In the entries below, find the line containing "Dupuytren's Contracture (Fasciectomy)" and the line containing "Nach Rap-Debüt: North". Copy those two lines and everything between them exactly, and only that.

DATA FOR THIS TASK:
********

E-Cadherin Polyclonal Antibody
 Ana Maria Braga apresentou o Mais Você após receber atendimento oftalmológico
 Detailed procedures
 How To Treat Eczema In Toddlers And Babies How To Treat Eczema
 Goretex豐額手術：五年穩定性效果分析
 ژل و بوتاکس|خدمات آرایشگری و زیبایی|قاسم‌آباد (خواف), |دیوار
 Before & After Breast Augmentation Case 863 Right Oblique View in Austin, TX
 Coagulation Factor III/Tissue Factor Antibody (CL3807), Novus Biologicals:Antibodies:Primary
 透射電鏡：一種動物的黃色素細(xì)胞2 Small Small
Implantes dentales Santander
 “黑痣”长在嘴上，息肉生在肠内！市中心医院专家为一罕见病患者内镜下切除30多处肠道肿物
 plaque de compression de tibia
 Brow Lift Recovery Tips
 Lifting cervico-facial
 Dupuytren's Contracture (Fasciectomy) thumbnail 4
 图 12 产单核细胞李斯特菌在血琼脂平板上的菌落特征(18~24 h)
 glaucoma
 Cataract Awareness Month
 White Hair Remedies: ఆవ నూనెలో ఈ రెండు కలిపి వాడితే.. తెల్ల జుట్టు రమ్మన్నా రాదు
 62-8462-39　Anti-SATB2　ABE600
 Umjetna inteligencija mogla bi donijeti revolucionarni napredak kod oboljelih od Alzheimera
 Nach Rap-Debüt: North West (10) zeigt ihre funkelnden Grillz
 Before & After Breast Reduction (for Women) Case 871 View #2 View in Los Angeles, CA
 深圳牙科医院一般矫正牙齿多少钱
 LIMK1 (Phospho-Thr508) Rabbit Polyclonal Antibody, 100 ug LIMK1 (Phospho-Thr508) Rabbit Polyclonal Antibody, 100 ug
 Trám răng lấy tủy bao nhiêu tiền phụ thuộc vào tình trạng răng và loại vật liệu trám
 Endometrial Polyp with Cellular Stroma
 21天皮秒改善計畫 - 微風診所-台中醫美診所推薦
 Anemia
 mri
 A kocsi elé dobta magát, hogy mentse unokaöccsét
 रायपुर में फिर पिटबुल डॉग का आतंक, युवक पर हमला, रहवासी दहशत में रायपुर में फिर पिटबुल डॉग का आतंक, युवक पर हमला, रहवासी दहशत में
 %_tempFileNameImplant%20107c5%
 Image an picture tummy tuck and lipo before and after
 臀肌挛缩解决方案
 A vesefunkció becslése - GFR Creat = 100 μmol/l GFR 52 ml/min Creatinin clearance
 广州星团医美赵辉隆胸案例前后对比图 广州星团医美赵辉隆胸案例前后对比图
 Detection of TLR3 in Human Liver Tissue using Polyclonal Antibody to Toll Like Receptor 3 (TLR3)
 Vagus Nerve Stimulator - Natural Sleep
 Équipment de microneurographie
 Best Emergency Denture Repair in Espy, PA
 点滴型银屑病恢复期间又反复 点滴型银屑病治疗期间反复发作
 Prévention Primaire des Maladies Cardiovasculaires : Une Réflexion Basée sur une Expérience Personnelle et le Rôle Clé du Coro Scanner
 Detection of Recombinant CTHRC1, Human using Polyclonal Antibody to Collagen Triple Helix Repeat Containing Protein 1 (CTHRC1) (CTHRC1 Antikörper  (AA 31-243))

********

ANSWER SECTION:
 Dupuytren's Contracture (Fasciectomy) thumbnail 4
 图 12 产单核细胞李斯特菌在血琼脂平板上的菌落特征(18~24 h)
 glaucoma
 Cataract Awareness Month
 White Hair Remedies: ఆవ నూనెలో ఈ రెండు కలిపి వాడితే.. తెల్ల జుట్టు రమ్మన్నా రాదు
 62-8462-39　Anti-SATB2　ABE600
 Umjetna inteligencija mogla bi donijeti revolucionarni napredak kod oboljelih od Alzheimera
 Nach Rap-Debüt: North West (10) zeigt ihre funkelnden Grillz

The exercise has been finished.